= Dara O'Kearney =

Irish ultramarathon runner and poker player (born 1965)

Dara O'Kearney, born 17 June 1965 in Ennis, County Clare, is an Irish international ultra runner and professional poker player. He is the son of Irish language activist and writer Sean Ua Cearnaigh, and nephew of Irish politician Chris Flood.

He won the 2005 Tresco marathon, the 2006 New York Road Runners 60K ultra marathon, the 2007 Schinnen 50K, the 2008 Brno Indoor 6 hour race, and was the 2007 Irish 24 hour running champion.

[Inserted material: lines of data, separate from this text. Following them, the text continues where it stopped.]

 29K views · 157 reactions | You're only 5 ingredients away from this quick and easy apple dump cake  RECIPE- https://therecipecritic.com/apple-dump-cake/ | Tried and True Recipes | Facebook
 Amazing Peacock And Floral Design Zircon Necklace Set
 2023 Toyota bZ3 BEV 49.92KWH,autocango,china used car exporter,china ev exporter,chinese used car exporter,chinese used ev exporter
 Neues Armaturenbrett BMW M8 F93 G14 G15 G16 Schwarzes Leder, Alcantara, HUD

On the poker front, O'Kearney won the 2008 European Deepstack Poker Championship, defeating a high quality field that included Joe Beevers, Julian Thew, Tony Baitson, Arnaud Mattern, John Falconer, Dave Colclough, Conor Tate, Owen Mullen, Mickey Wernick, Barny Boatman and Christy Smith. In 2009, he was ranked number 2 in live tournaments in the official Irish Poker Rankings, and again in 2010 & again in 2014.

In 2015, O'Kearney won the Mini Irish Open, and finished second in event 45 of the WSOP.

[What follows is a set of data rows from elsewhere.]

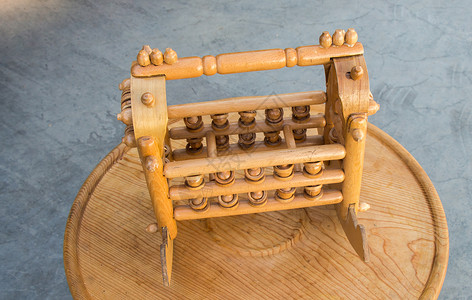 东方类型的木制摇篮图片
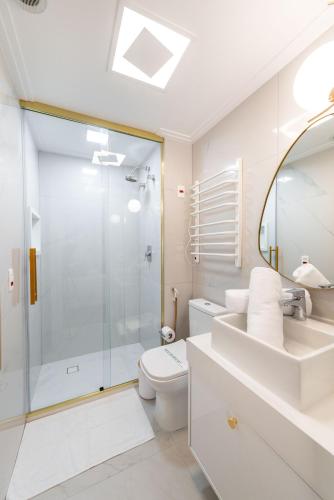 Bilik mandi di Rosemari's Apartments 4 Studios Luxuosos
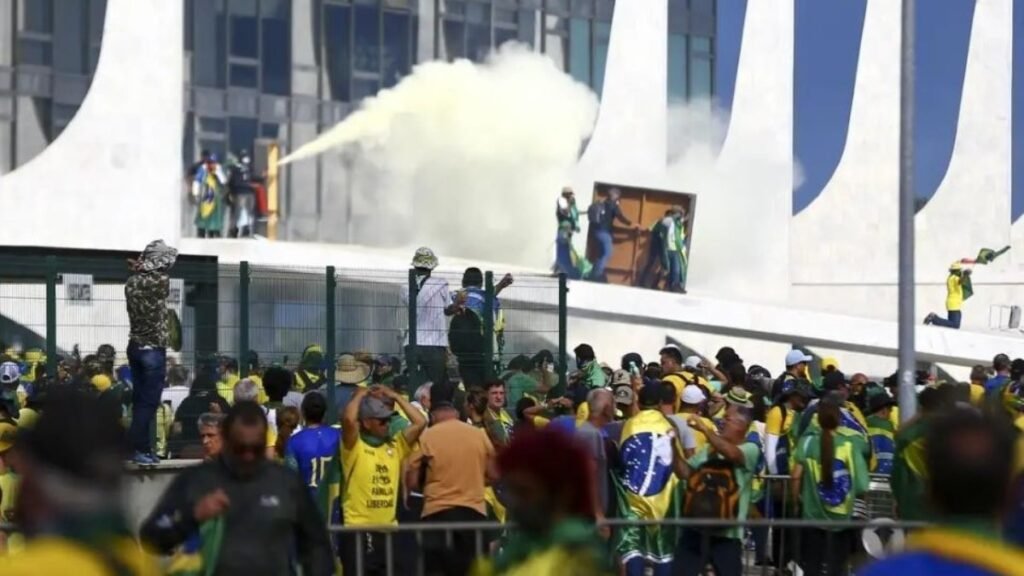 STF condena mais 14 réus por atos golpistas de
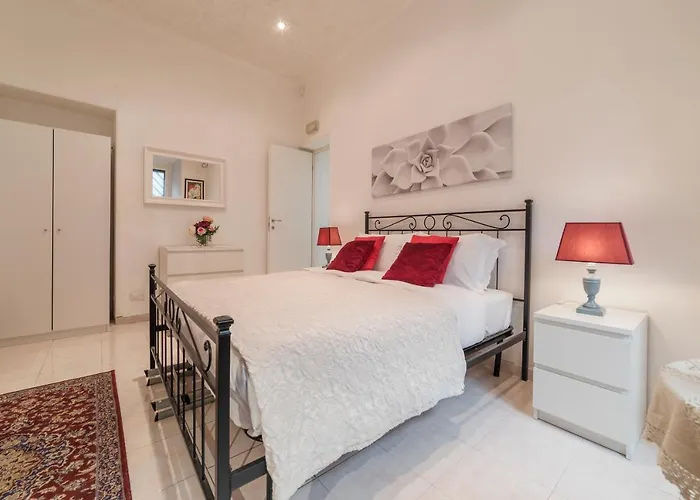 Piazza Vittorio Apartment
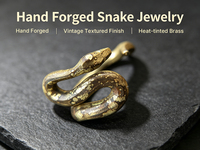 Bague Serpent Artisanale en Laiton Forgé à la Main, Réglable, Vintage, Texturée, Style Serpent Enroulé, Bijou Animal Unique Fait Main, Vente en Gros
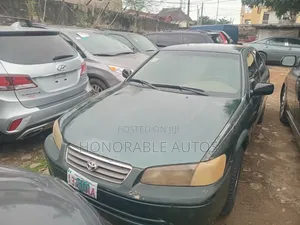 Toyota Camry 2001 Green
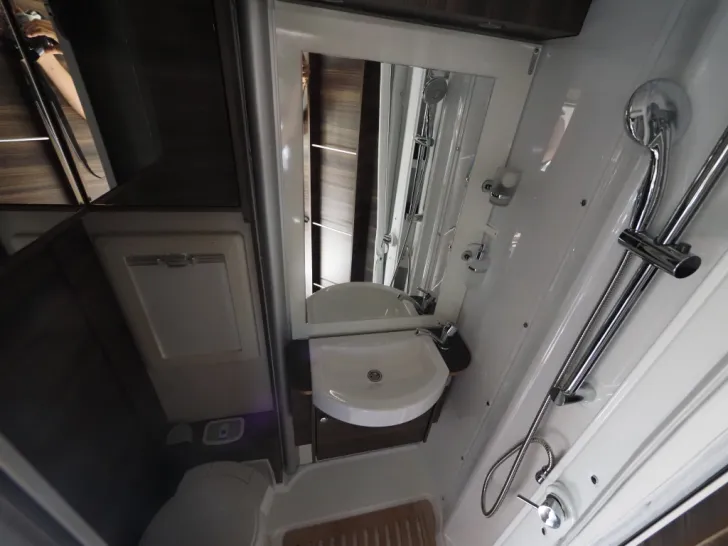 Fahrzeugbild Laika ECOVIP L 3019, 180 PS Aut., SAT, Solar, AHK #13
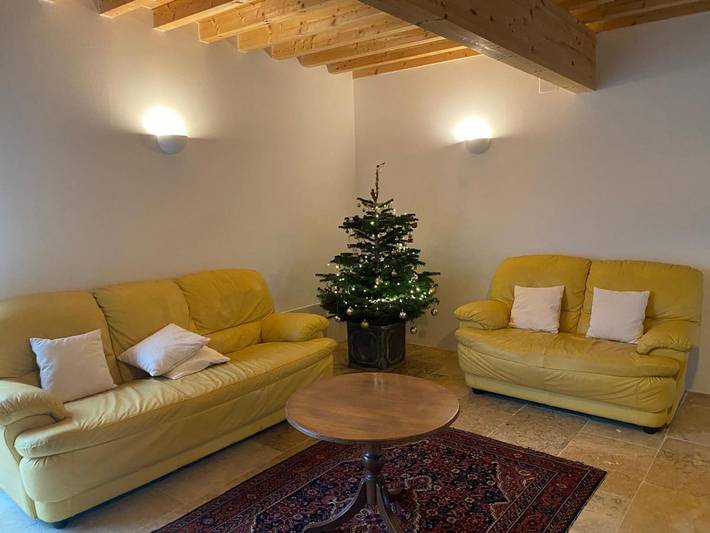 Maison de campagne pour 5 personnes, avec terrasse ainsi que vue et jardin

As of 2020, he has over $3 million in cashes online and over $1 million live. He is a brand ambassador for Unibet Poker and ShareMyPair, and lead author of the books "Poker Satellite Strategy" and "PKO Poker Strategy" (co-author Barry Carter). His blog is one of the most read poker blogs, and he cohosts popular poker podcast The Chip Race alongside David Lappin.

In April 2019, O'Kearney joined CardsChat as a poker expert.

In September 2023, O'Kearney joined Tight Poker as a poker expert and fact checker.